(Image-text web data)

────────────────────

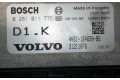 Блок управления двигателя 0281011775   Volvo C30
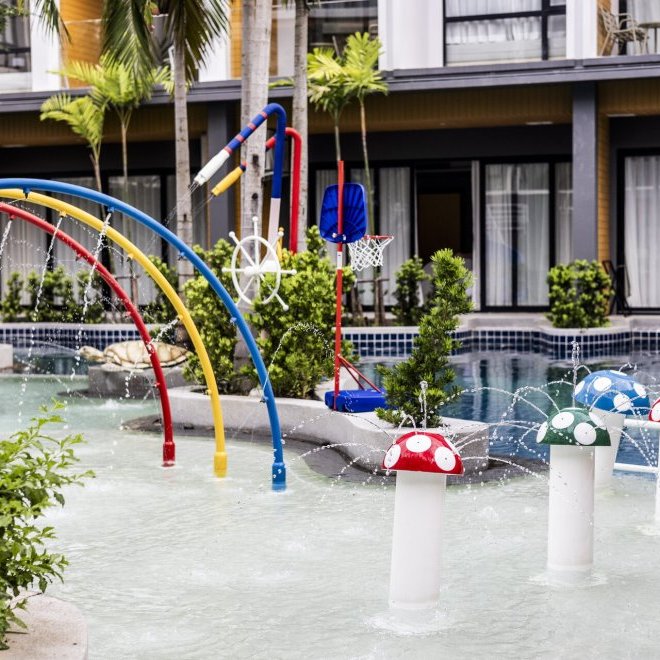 Сдается в аренду студия в Wyndham Garden Naithon Phuket (ID 307)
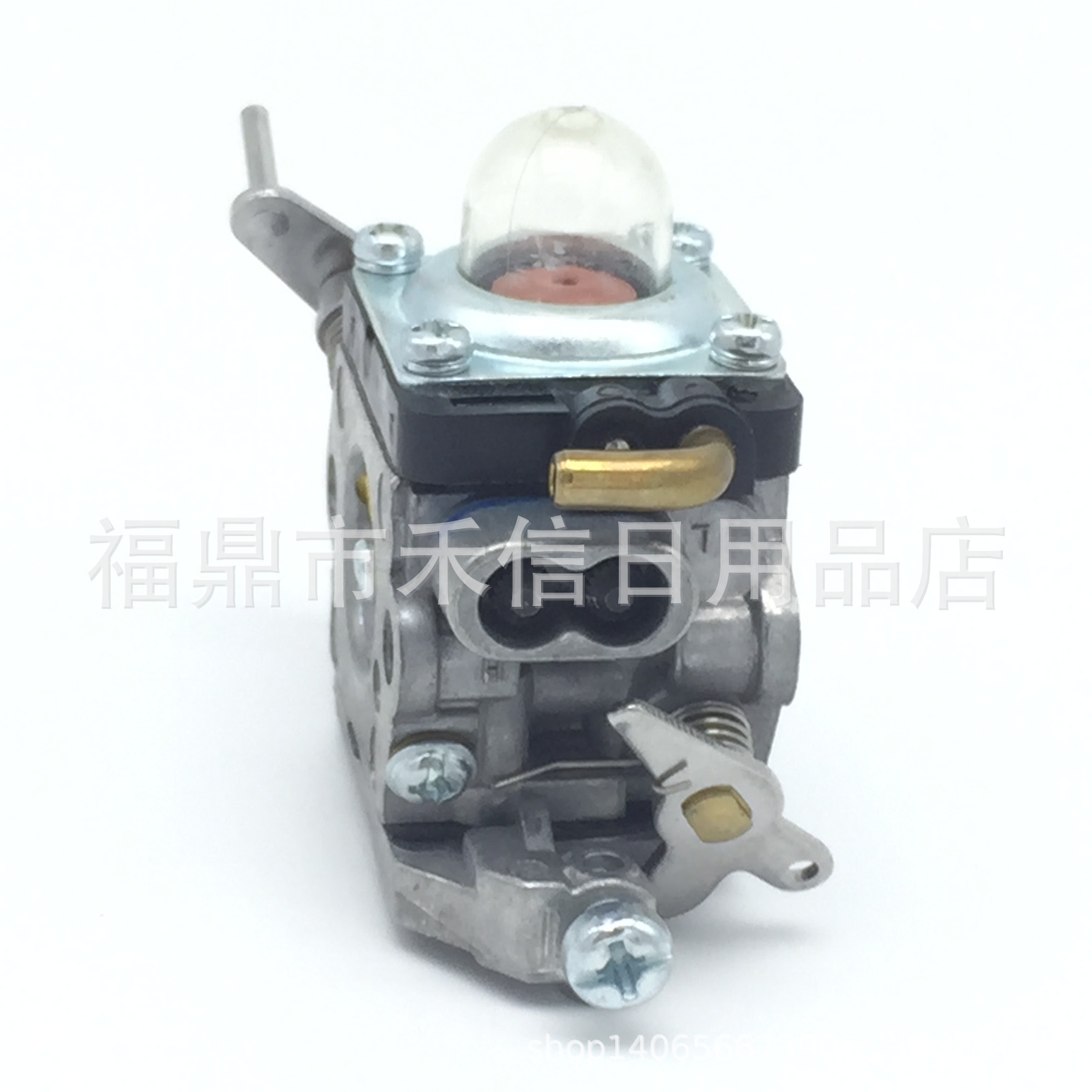 Applicable Husqvarna 122HD 45 122HD 60 522 HD60S 522HDR60S carburetor kit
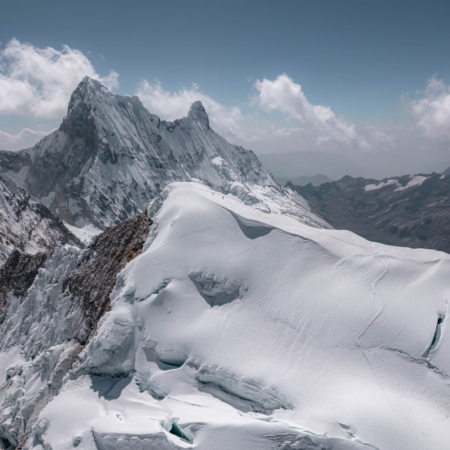 High Peaks of Peru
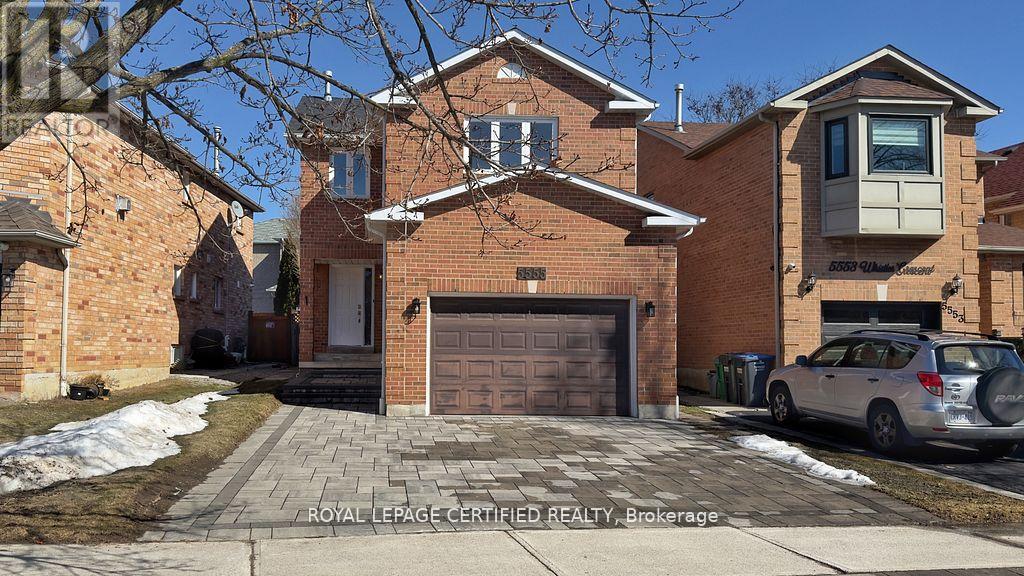 5555 WHISTLER CRESCENT, Mississauga, Ontario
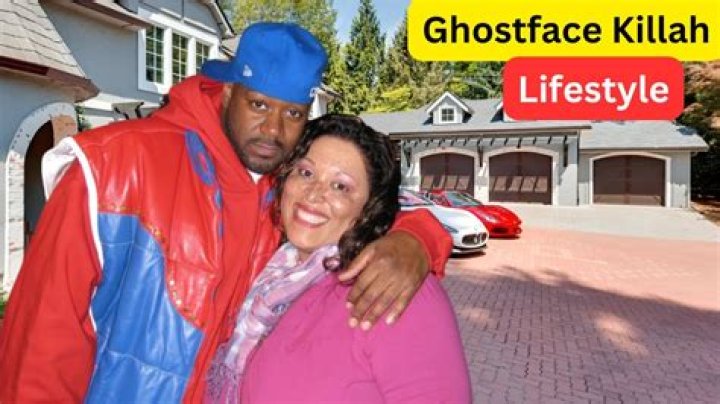 Ghostface Killah Biography, Age, Height, Wife, Net Worth, Family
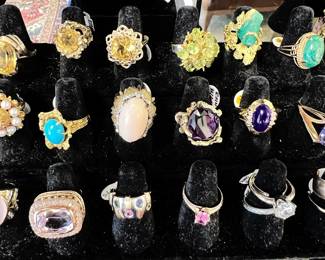 Yes…these rings are amazing!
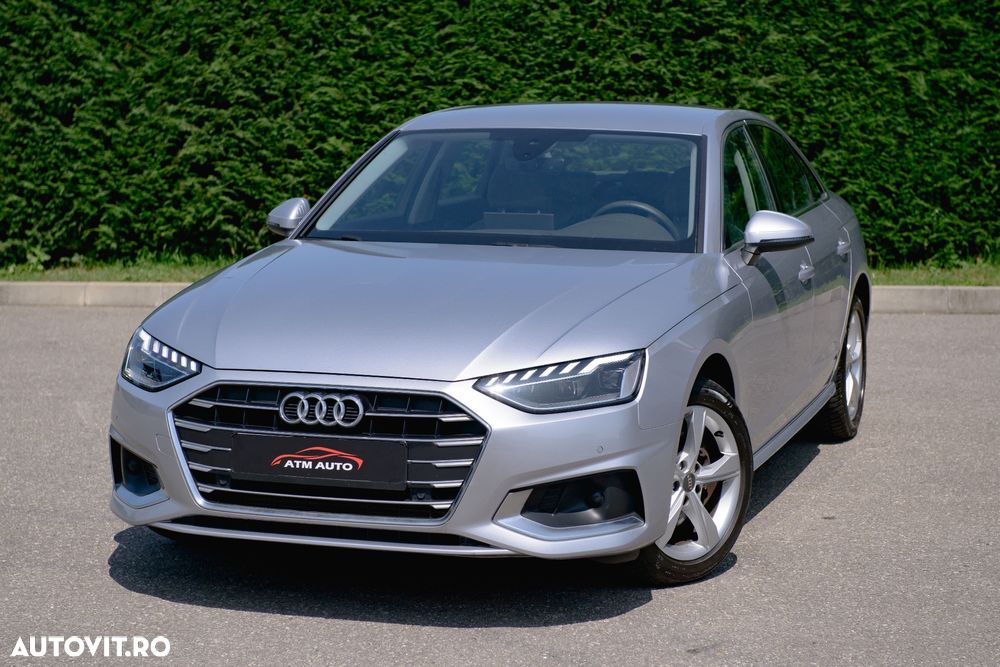 Audi A4 35 TFSI S tronic design - 3
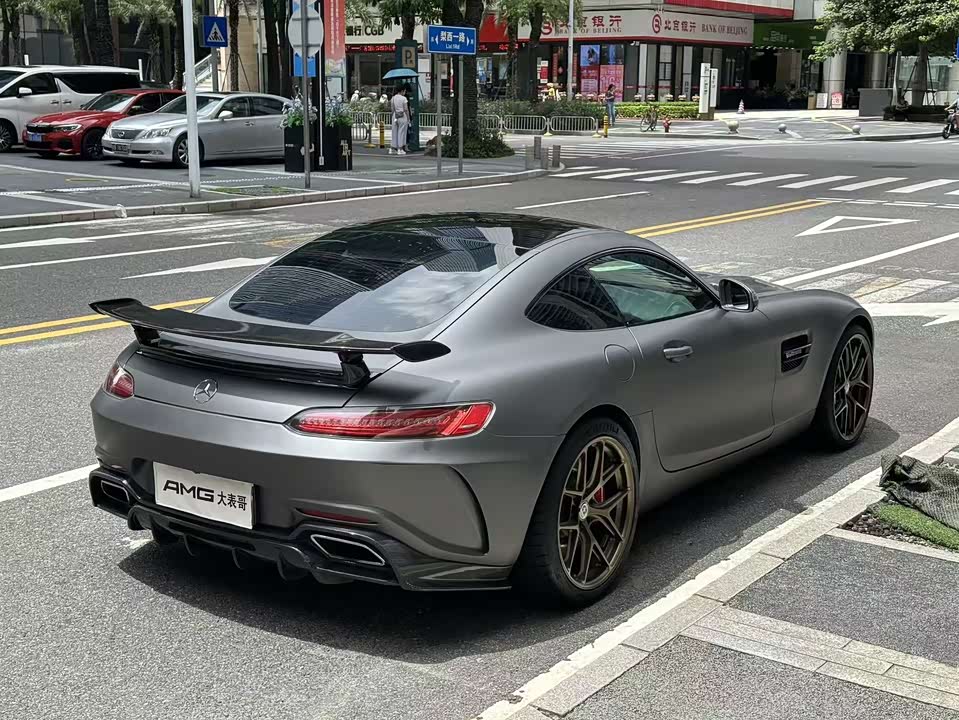Mercedes-Benz AMG GT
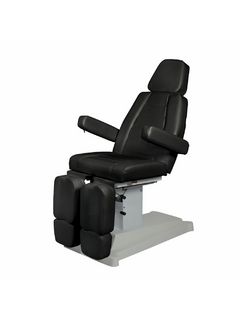 Педикюрно-косметологическое кресло СИРИУС - 08 на электроприводе (1 мотор)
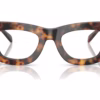 Michael Kors MK4160 3904 - Saddle Tortoise eyeglasses front view
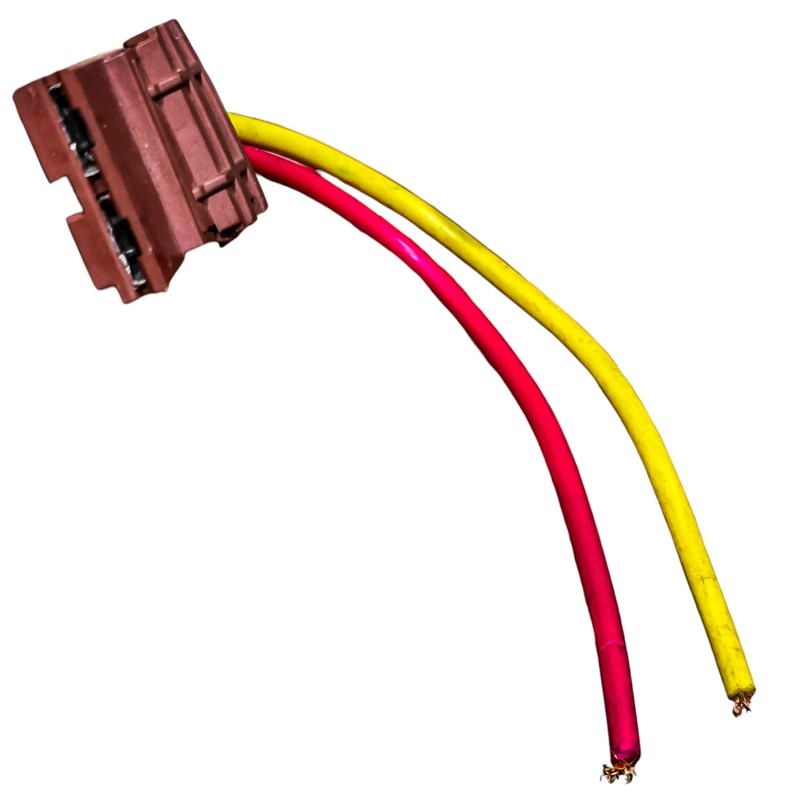 سوکت جعبه فیوز  مدل Brwn-2pin مناسب برای پژو 405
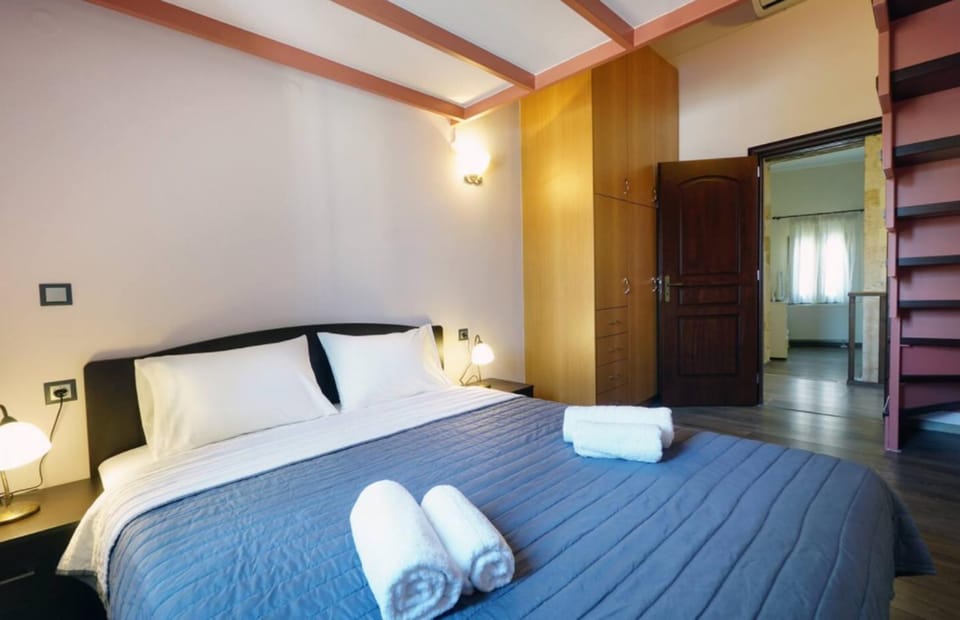 Character House in the Heart of Chania Old town Apartment in Chania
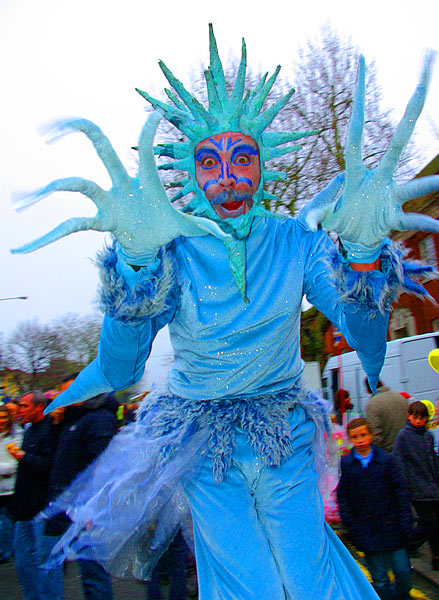 Jack Frost
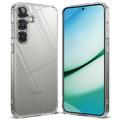 Samsung Galaxy S25 Ringke Fusion Hybrid Cover - Gennemsigtig
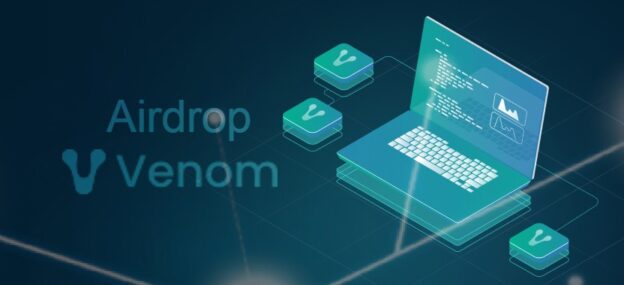 Airdrop Venom blockchain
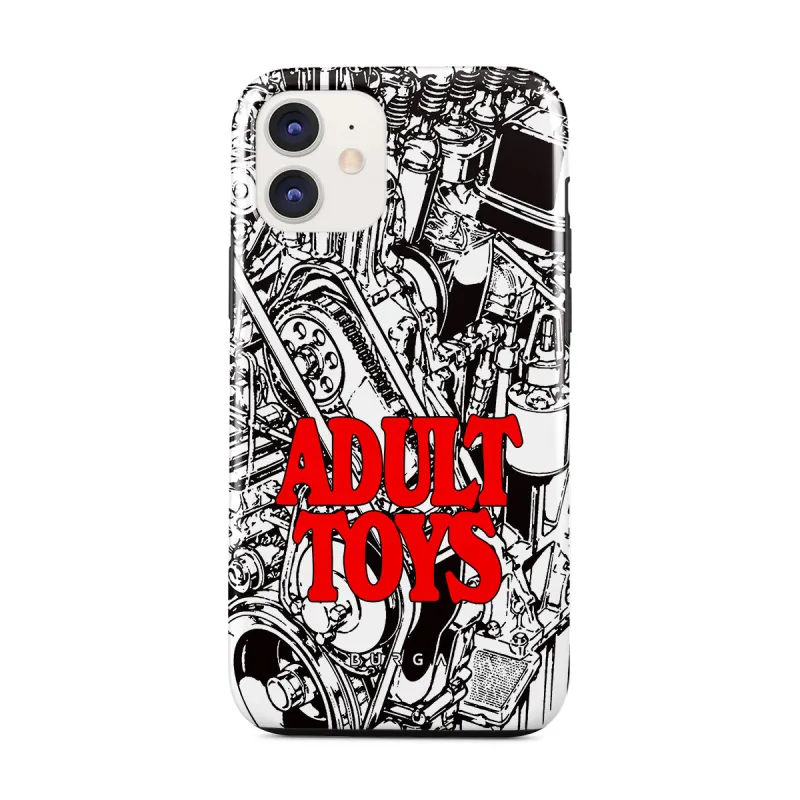 Ignition - iPhone 11 Case made by burga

────────────────────

:: Problem requirements ::
Copy out the entries exactly as they stand, omitting the images.

:: Task response ::
 Блок управления двигателя 0281011775   Volvo C30
 Сдается в аренду студия в Wyndham Garden Naithon Phuket (ID 307)
 Applicable Husqvarna 122HD 45 122HD 60 522 HD60S 522HDR60S carburetor kit
 High Peaks of Peru
 5555 WHISTLER CRESCENT, Mississauga, Ontario
 Ghostface Killah Biography, Age, Height, Wife, Net Worth, Family
 Yes…these rings are amazing!
 Audi A4 35 TFSI S tronic design - 3
Mercedes-Benz AMG GT
 Педикюрно-косметологическое кресло СИРИУС - 08 на электроприводе (1 мотор)
 Michael Kors MK4160 3904 - Saddle Tortoise eyeglasses front view
 سوکت جعبه فیوز  مدل Brwn-2pin مناسب برای پژو 405
 Character House in the Heart of Chania Old town Apartment in Chania
 Jack Frost
 Samsung Galaxy S25 Ringke Fusion Hybrid Cover - Gennemsigtig
 Airdrop Venom blockchain
 Ignition - iPhone 11 Case made by burga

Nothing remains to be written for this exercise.